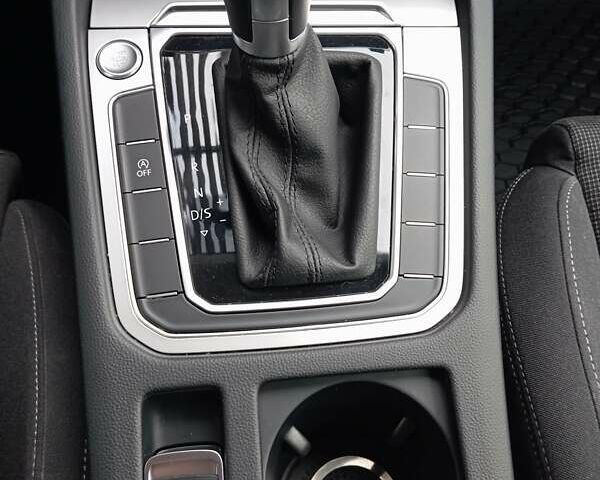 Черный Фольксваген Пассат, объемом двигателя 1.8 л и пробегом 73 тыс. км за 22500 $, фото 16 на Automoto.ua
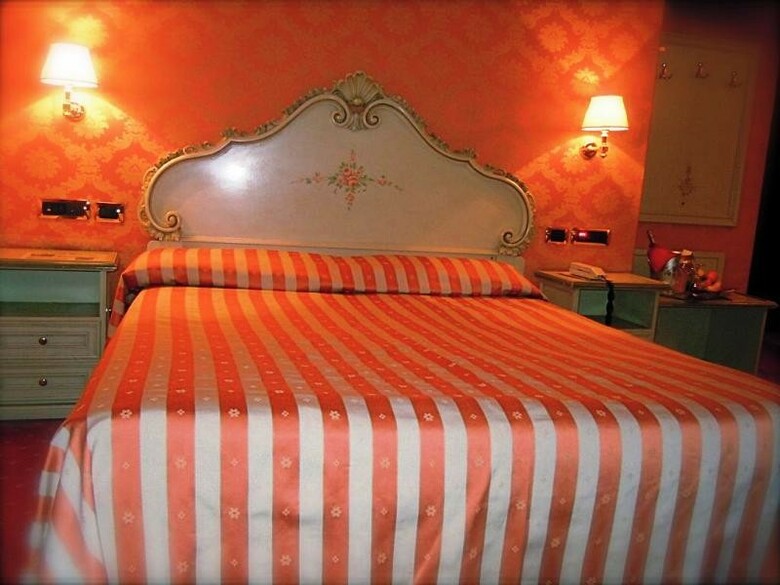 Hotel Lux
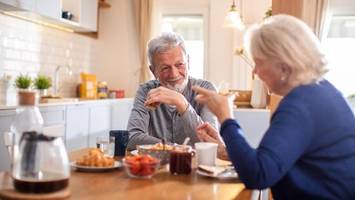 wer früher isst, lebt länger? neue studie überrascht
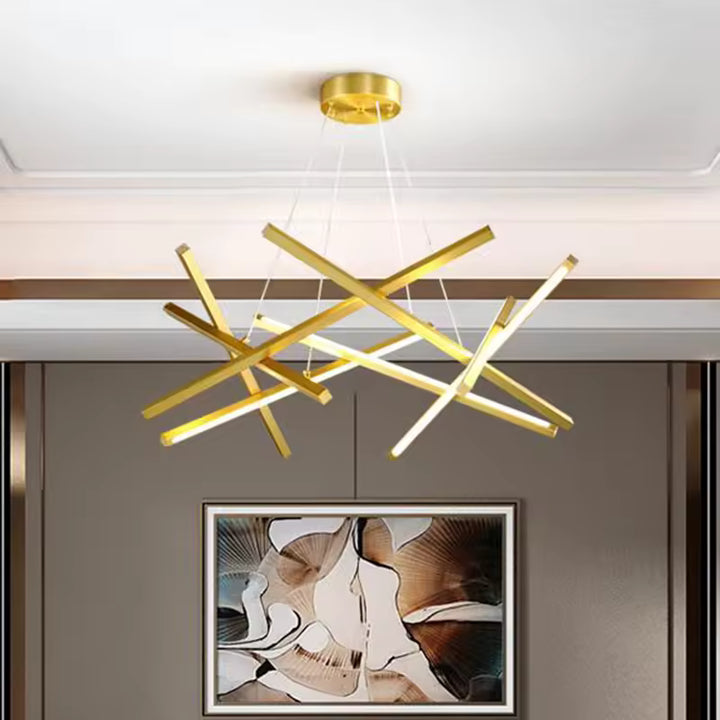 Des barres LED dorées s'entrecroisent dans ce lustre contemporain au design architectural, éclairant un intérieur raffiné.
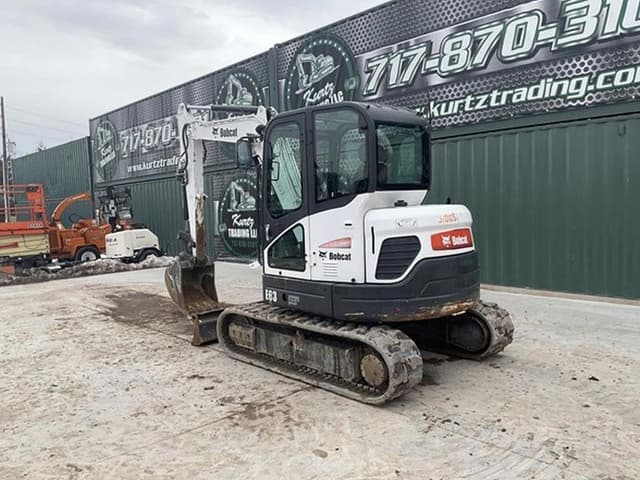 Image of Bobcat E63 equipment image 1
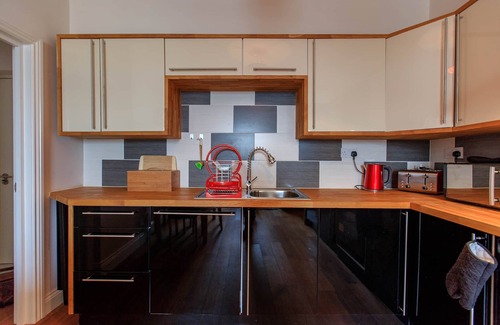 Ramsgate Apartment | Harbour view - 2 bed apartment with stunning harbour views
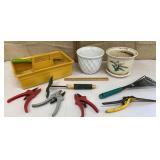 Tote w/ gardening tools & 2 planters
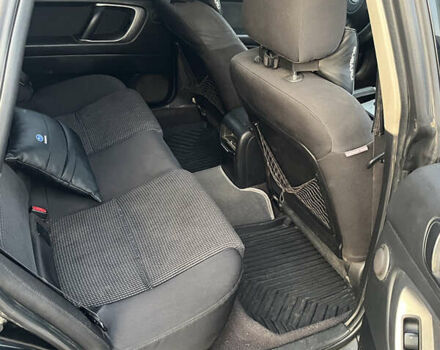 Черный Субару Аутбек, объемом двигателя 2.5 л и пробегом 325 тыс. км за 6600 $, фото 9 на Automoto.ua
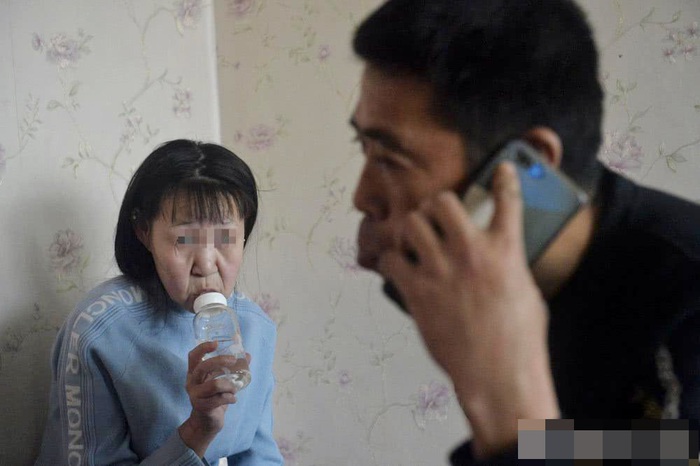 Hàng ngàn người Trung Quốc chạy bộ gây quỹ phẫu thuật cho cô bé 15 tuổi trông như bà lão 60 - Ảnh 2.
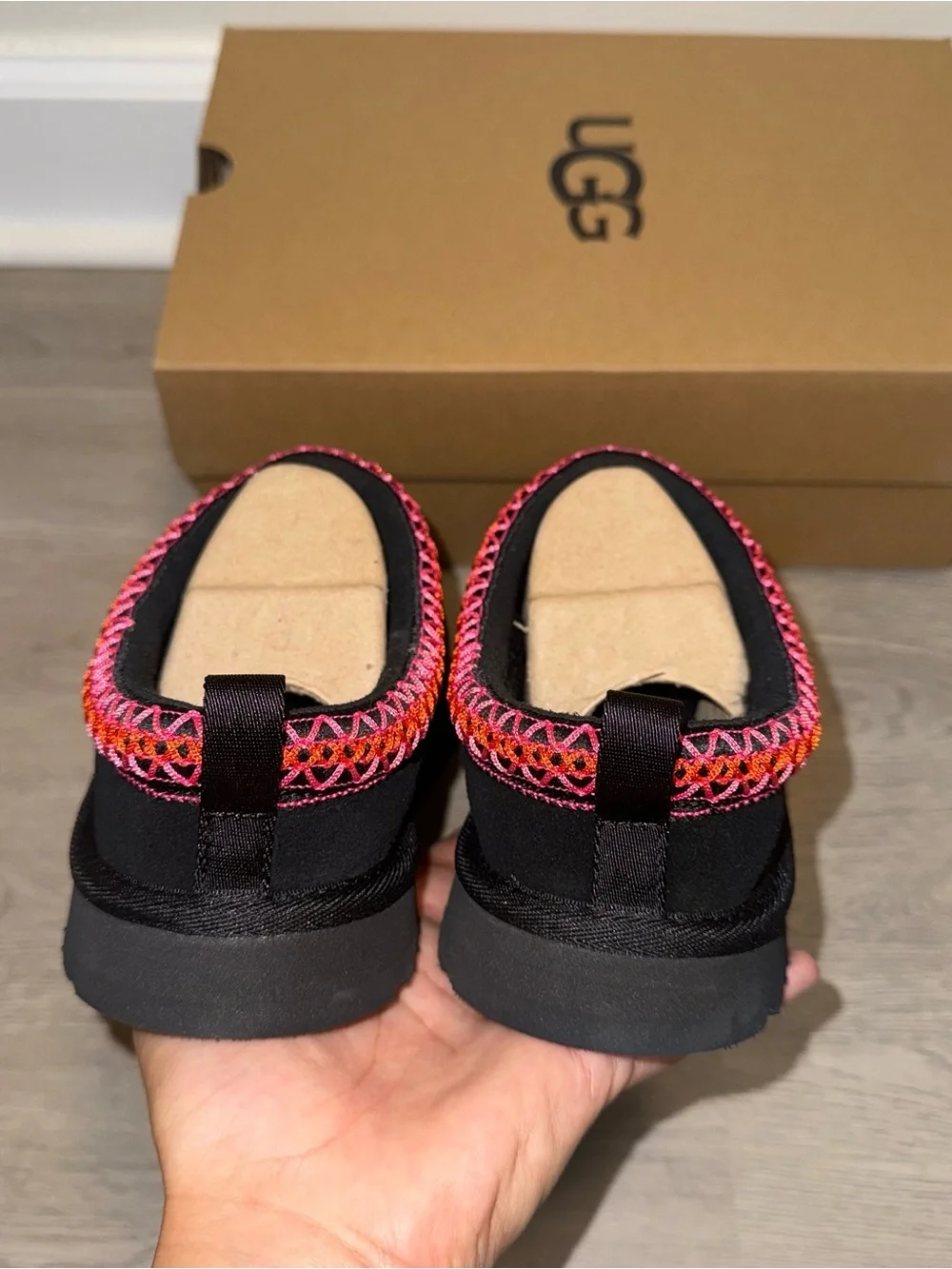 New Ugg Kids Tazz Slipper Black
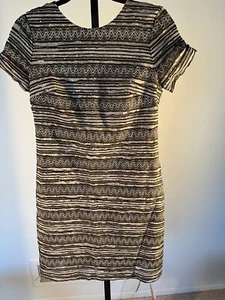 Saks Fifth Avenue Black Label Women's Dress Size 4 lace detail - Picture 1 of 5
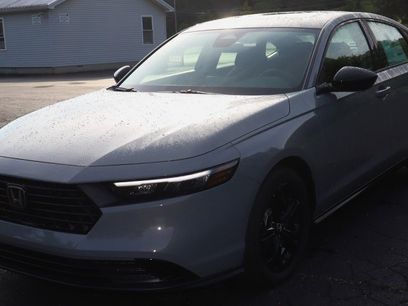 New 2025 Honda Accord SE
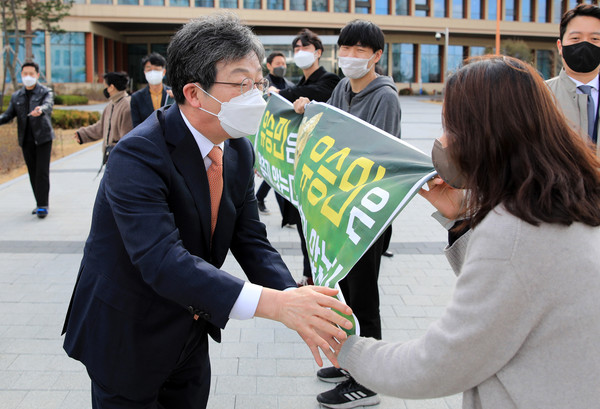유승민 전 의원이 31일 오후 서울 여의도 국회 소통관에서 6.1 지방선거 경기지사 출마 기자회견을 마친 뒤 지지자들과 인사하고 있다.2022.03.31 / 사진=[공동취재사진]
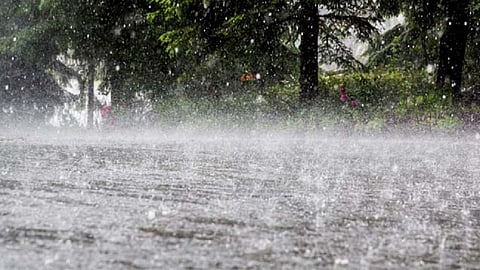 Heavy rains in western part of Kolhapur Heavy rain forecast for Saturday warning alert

* Exercise goal *
Leave the pictures out and repeat exactly the lines from the beginning of the records to the line bearing "wer früher isst, lebt", both ends counted.

* Written response *
 Черный Фольксваген Пассат, объемом двигателя 1.8 л и пробегом 73 тыс. км за 22500 $, фото 16 на Automoto.ua
 Hotel Lux
 wer früher isst, lebt länger? neue studie überrascht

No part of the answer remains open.